[Scraped caption text data]
▼▼▼

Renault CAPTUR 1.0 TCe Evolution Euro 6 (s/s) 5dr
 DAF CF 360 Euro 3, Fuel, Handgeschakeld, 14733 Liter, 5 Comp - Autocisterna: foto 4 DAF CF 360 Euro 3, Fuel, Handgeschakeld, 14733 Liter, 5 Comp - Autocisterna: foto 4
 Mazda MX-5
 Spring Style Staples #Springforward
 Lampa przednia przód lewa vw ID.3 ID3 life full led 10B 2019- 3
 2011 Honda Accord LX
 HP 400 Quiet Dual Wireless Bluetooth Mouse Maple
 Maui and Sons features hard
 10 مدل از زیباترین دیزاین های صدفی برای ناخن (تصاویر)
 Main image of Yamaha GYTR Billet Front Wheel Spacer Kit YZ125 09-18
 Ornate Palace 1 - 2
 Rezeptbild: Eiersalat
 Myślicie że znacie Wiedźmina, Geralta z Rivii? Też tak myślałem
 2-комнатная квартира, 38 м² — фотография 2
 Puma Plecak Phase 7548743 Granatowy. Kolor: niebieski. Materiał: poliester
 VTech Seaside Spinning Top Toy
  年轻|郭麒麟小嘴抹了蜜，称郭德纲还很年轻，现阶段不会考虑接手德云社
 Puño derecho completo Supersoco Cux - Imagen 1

▲▲▲

> [EXERCISE DESCRIPTION]:
Scan the entries above for the word "Euro", then copy every line in which it occurs.

> [RESPONSE BOX]:
Renault CAPTUR 1.0 TCe Evolution Euro 6 (s/s) 5dr
 DAF CF 360 Euro 3, Fuel, Handgeschakeld, 14733 Liter, 5 Comp - Autocisterna: foto 4 DAF CF 360 Euro 3, Fuel, Handgeschakeld, 14733 Liter, 5 Comp - Autocisterna: foto 4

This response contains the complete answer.